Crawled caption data

BEGIN

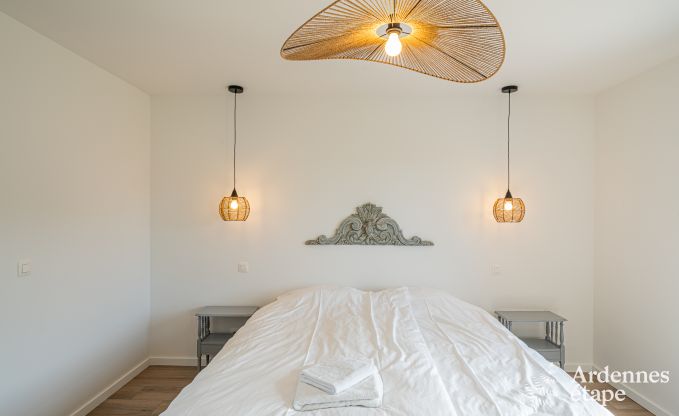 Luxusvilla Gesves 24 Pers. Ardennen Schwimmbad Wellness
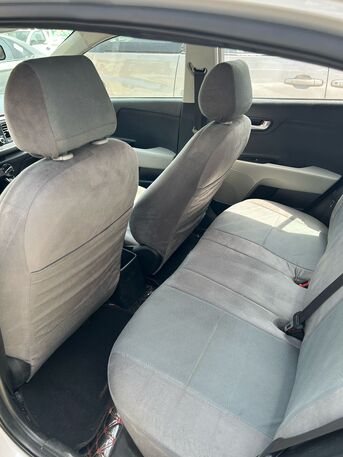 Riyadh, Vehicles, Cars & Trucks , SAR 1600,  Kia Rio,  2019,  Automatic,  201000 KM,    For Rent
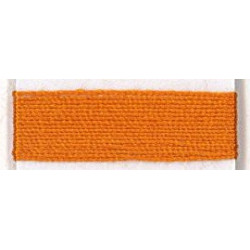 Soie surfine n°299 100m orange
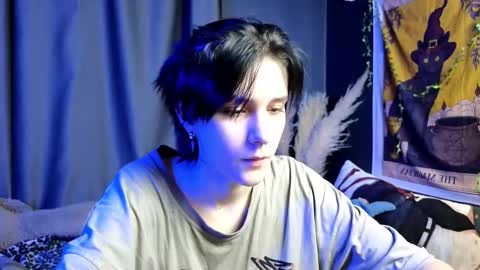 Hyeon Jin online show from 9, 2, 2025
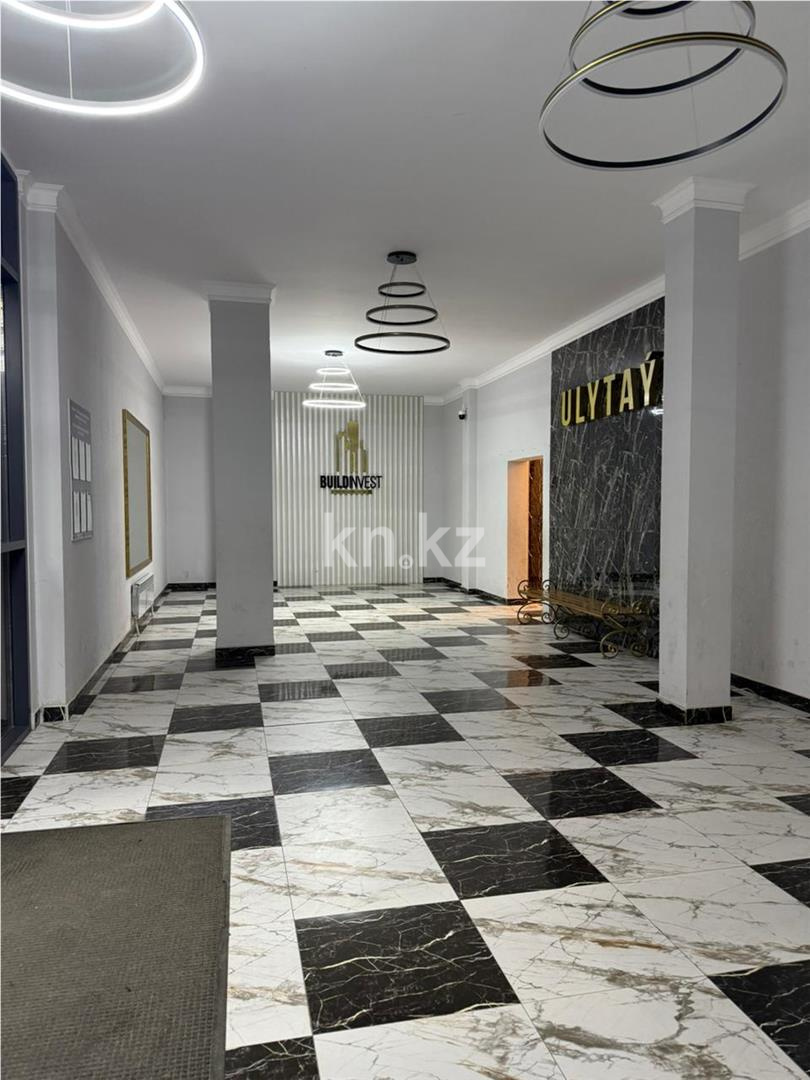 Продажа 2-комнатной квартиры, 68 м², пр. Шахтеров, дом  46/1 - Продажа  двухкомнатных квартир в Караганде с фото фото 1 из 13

END

Return each entry exactly as it stands above, apart from any images.

# Answer space
 Luxusvilla Gesves 24 Pers. Ardennen Schwimmbad Wellness
 Riyadh, Vehicles, Cars & Trucks , SAR 1600,  Kia Rio,  2019,  Automatic,  201000 KM,    For Rent
 Soie surfine n°299 100m orange
 Hyeon Jin online show from 9, 2, 2025
 Продажа 2-комнатной квартиры, 68 м², пр. Шахтеров, дом  46/1 - Продажа  двухкомнатных квартир в Караганде с фото фото 1 из 13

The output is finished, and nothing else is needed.